- _Instructions to follow_:
Set each line of the material below down word for word, from the first through the line that holds "Sunset Blue Waters With Palm Retreat", but not the pictures.

- _Data extract_:
[Start of section]
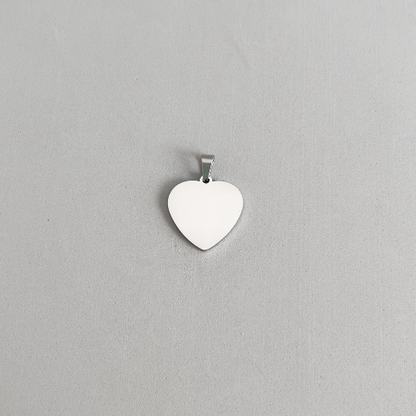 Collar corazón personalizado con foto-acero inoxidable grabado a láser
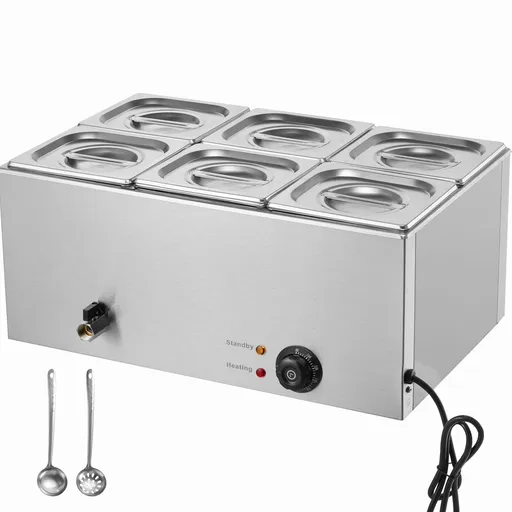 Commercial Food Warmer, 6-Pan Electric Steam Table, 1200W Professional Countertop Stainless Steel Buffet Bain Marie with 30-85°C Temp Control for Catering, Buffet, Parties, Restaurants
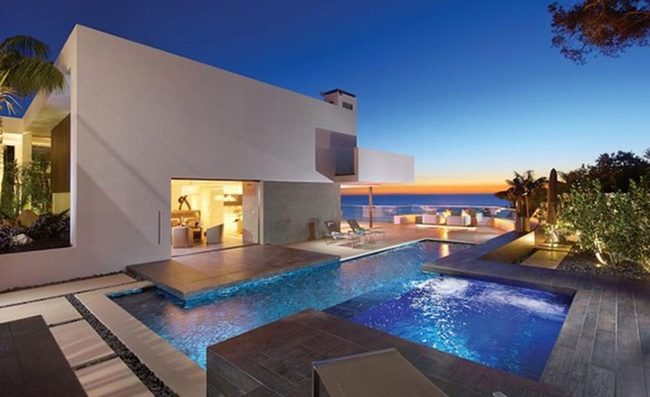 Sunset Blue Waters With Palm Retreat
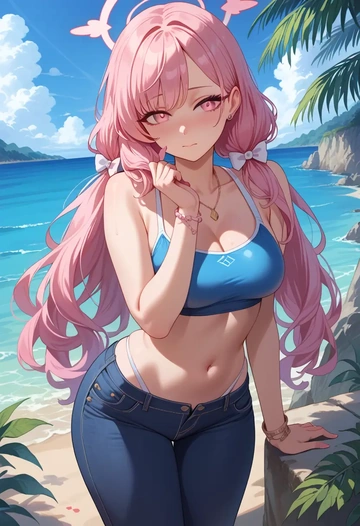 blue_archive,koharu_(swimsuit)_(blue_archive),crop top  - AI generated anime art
[End of section]
- _Response area_:
 Collar corazón personalizado con foto-acero inoxidable grabado a láser
 Commercial Food Warmer, 6-Pan Electric Steam Table, 1200W Professional Countertop Stainless Steel Buffet Bain Marie with 30-85°C Temp Control for Catering, Buffet, Parties, Restaurants
 Sunset Blue Waters With Palm Retreat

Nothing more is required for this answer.